En realidad, me gustaría proyectar un porvenir cargado de renuncia voluntaria a todo lo que se posee, a todo lo que el ego estipula como necesario en su escala de valores; y, sin embargo, intuyo un mañana rodeado de reservas ante el miedo de explotar delante de cualquier extraño. Me imagino, de nuevo, con un hueco en mi conciencia. Como aquellos meses en los que mi yo se peleaba con su doble para hacerlo desaparecer.

Fue al volver de un viaje. Esa lucha de la que hablo la vivimos, mi cuerpo y yo, cada noche después de aterrizar. Estuve doce horas en un avión para llegar al destino y, una vez allí, no dejaba de pensar en cómo sería un planeta en que la justicia se alzara como reina de cada desdicha.

Volví con el corazón a cuestas y sabiendo que a veces vale más el verso de un desconocido que una amistad camuflada bajo mantas de halagos falsos y sonrisas condescendientes. Volví pensando que era el momento de entregar todo lo que tenía y rezarle a un Dios en el que no creía para que me ayudara a querer salvarme. Volví, y, por aquel entonces, supuse que eso era lo más importante; pero ahora pienso cómo hubiese sido perder ese avión y quedarme en un pueblo rodeado de arrozales, en una casa vacía, en un salón con una máquina de escribir, en una habitación sin colchón.

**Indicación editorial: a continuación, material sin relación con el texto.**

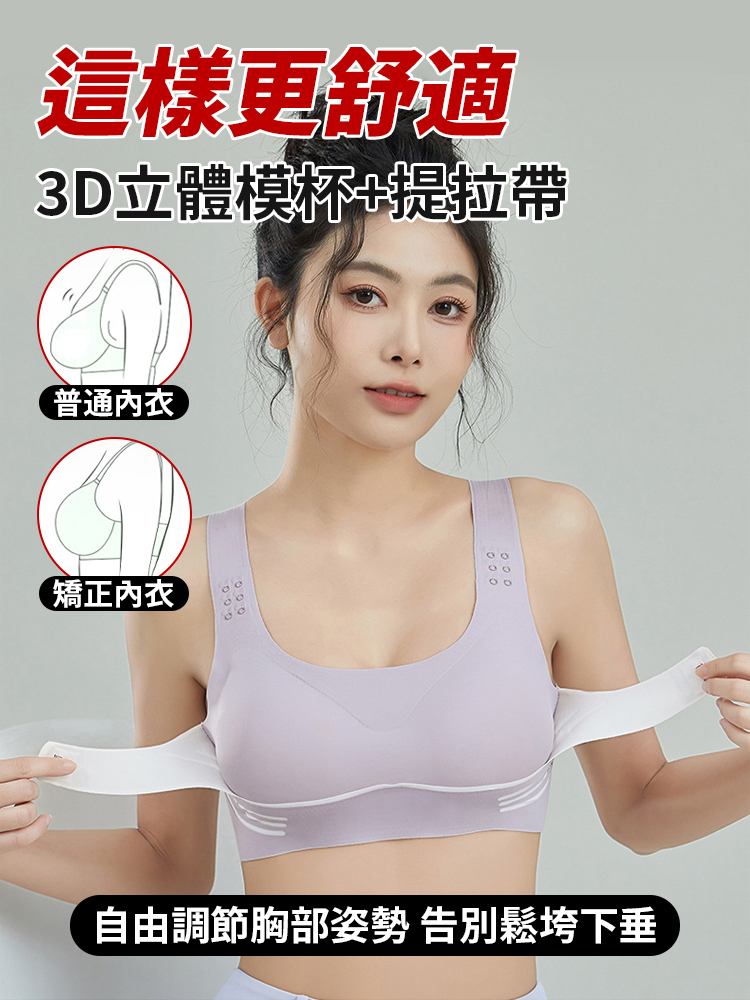 調整型反重力提拉矯正文胸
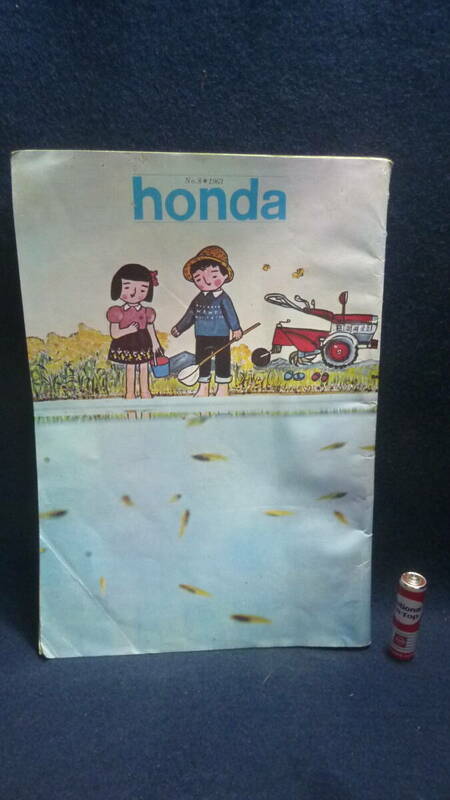 レア物！古いhonda.ホンダ社内誌？No8.昭和38年3月.発行.スーパーカブC100と吉永小百合.CL72.他.当時物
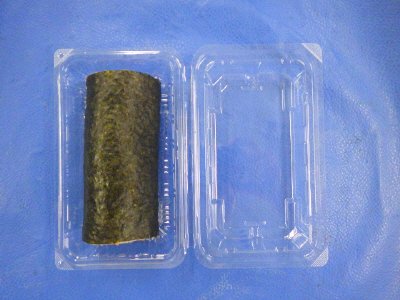 だし醤油香る　２種まぐろの恵方巻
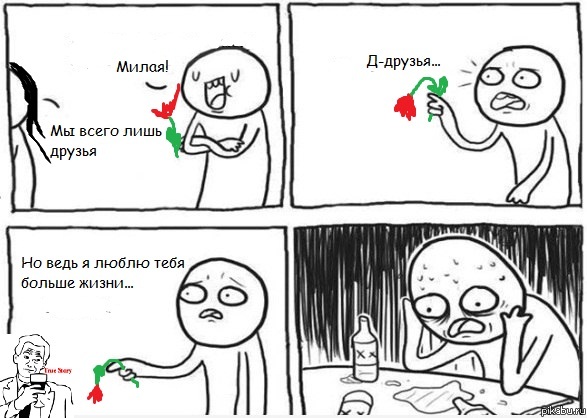 ������..
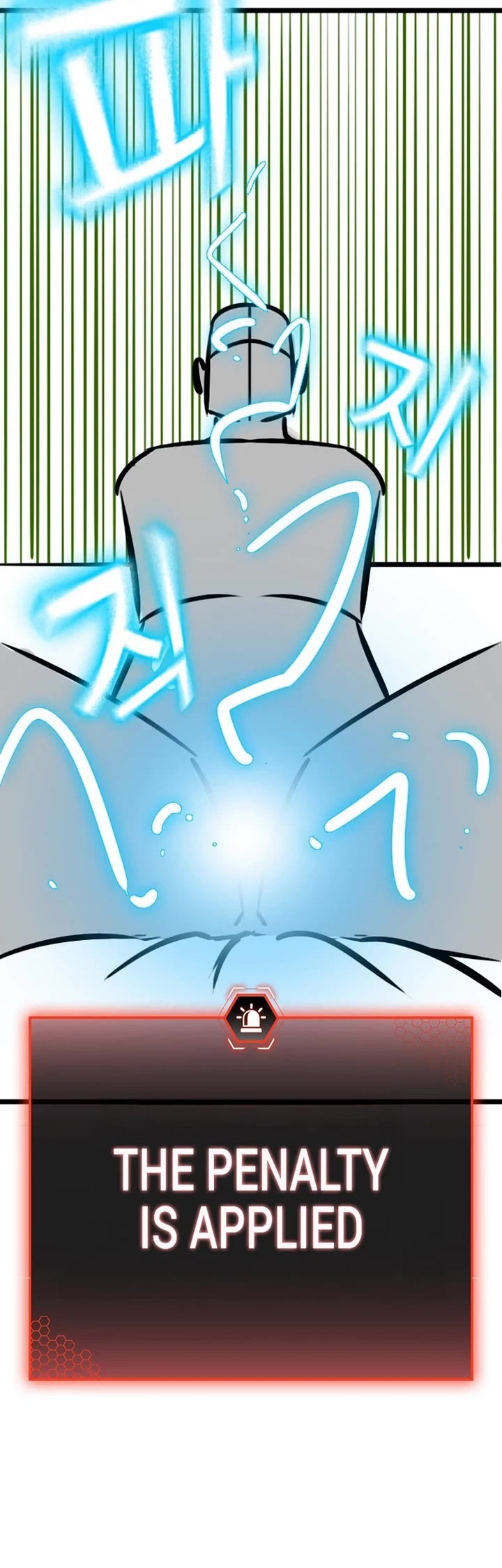Reality Quest Chap 164.5 - Next Chap 165.5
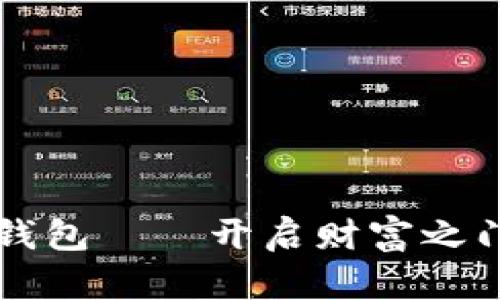 吉祥的数字钱包——开启财富之门的秘密武器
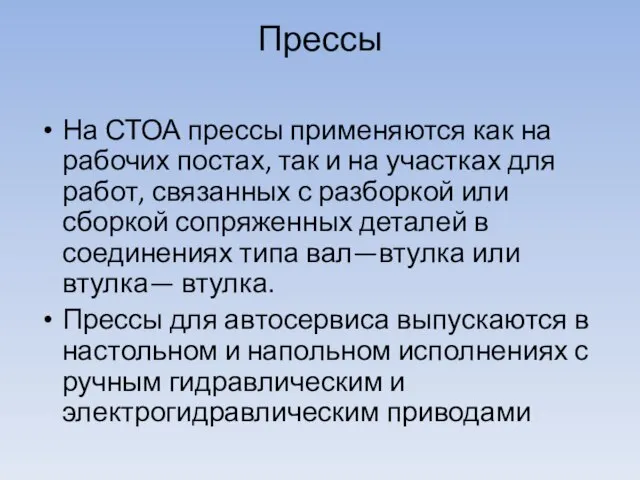 Прессы На СТОА прессы применяются как на рабочих постах, так и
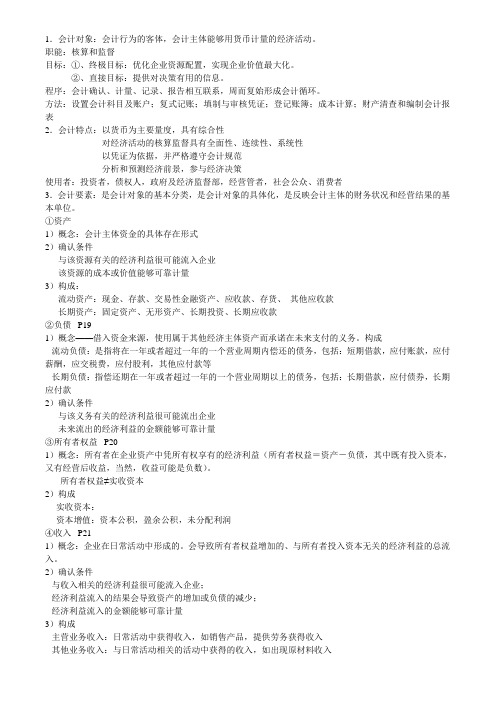 基础会计期末复习笔记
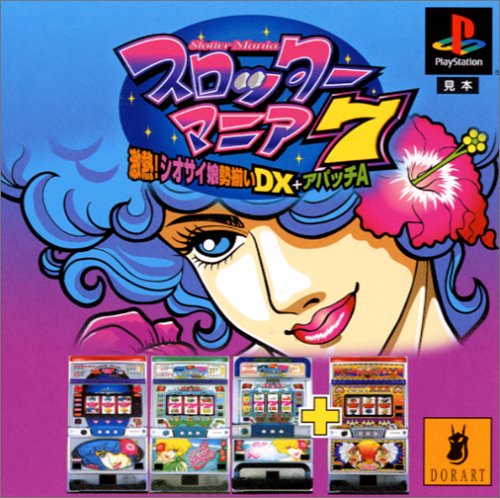 【PS】プレイステーションの名作・パチンコ・パチスロゲーム人気投票&ランキング 153位 スロッターマニア7 激熱!シオサイ姫勢揃いDX+アパッチAの画像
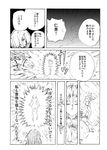  1girl bonkara_(sokuseki_maou) comic greyscale highres mahou_shoujo_madoka_magica monochrome shizuki_hitomi translation_request 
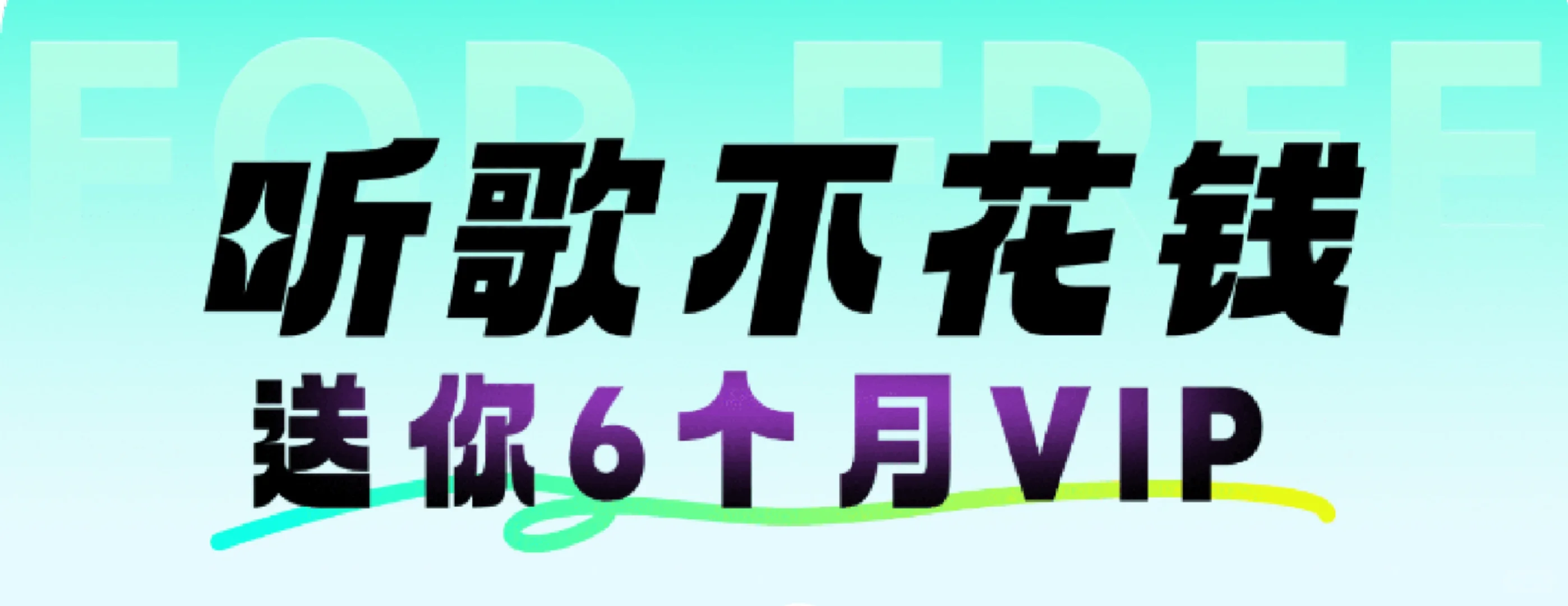 iOS安卓听歌神器，免费领取会员听歌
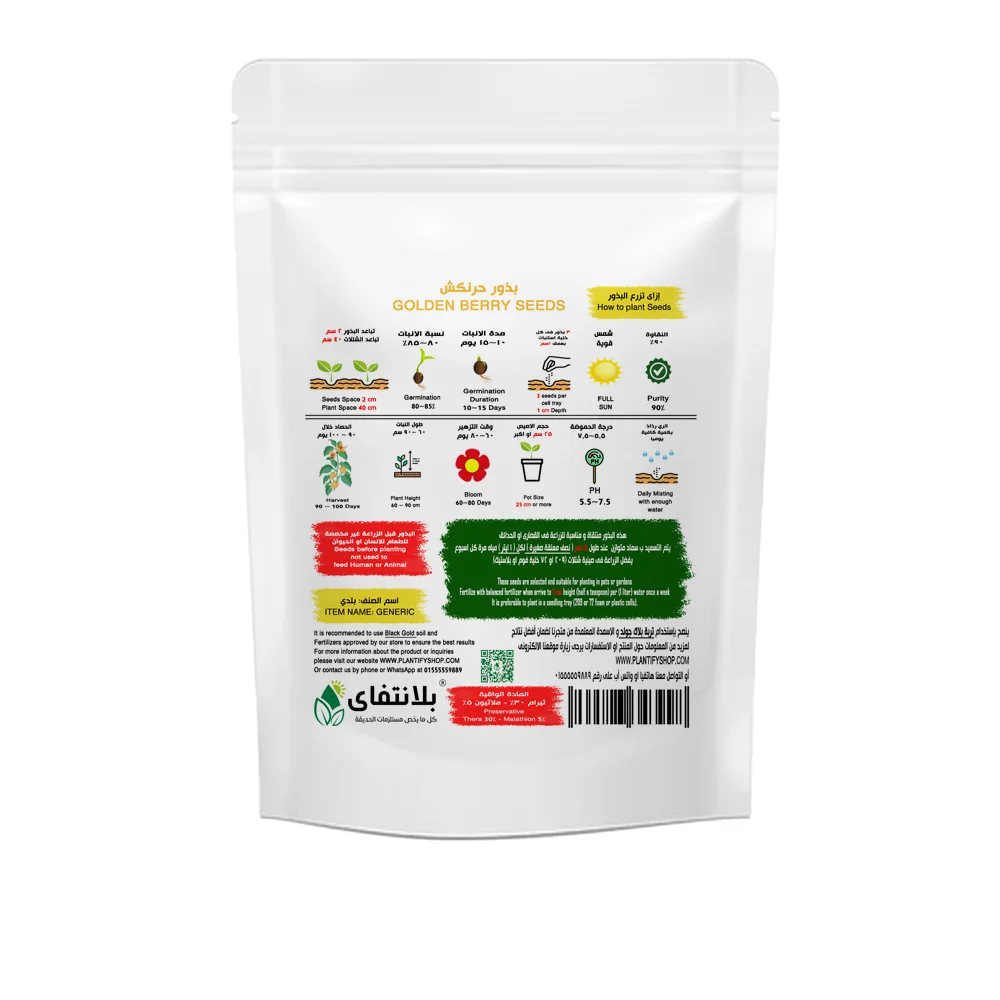 Cape Gooseberry Seeds (Physalis) – 2g Cape Gooseberry Seeds (Physalis) – 2g - الصورة 2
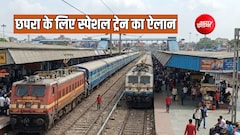 दिवाली-छठ पर अमृतसर से छपरा के लिए स्पेशल ट्रेन, पंजाब-हरियाणा, यूपी और बिहार में 21 स्टॉपेज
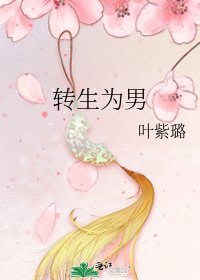 《转生为男》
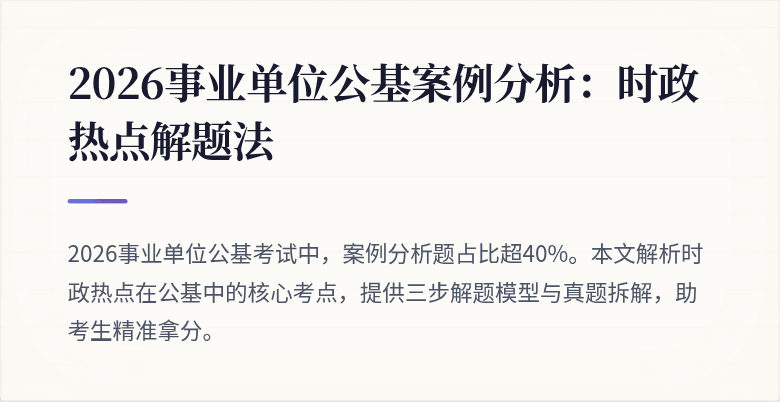 2026事业单位公基案例分析:时政热点解题法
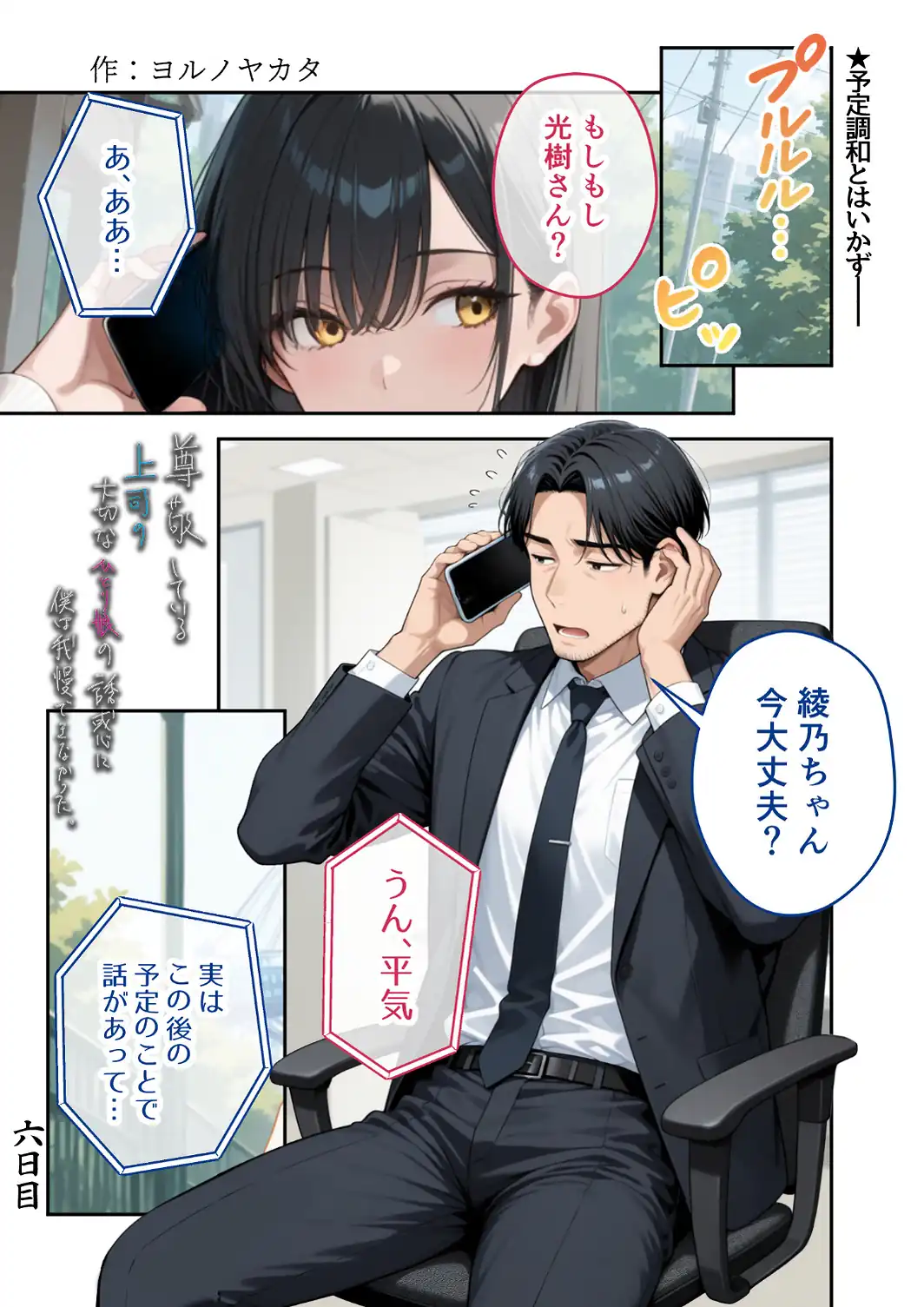 COMICシャルム 7-サンプル画像5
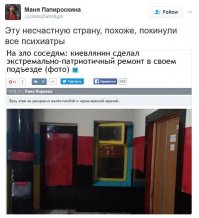 Лучше уж так, чем, у некоторых кастрюлек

Ahora es demasiado tarde porque nunca he tenido la valentía de perder mi vuelo y enfrentarme al riesgo que supone verse anclado en un aeropuerto sin saber si es buena idea regresar a casa. Sin embargo, aunque sea tarde, esta vez me debo un favor y prometo quedarme si existe el compromiso tácito de que será todo como nunca; de que haremos cálculos imperfectos hasta poner nuestro nombre al final de cada calle, hasta sentir la inseguridad en cada rincón de una carretera infinita, hasta jurarnos que seremos fieles, pero solo porque somos libres de abandonarnos.

Pese a que haya llegado a deshora, lo confieso, seguiré esperando en el suelo del cuarto en el que me invitaste a no rendirme. Aún estoy listo para combatir.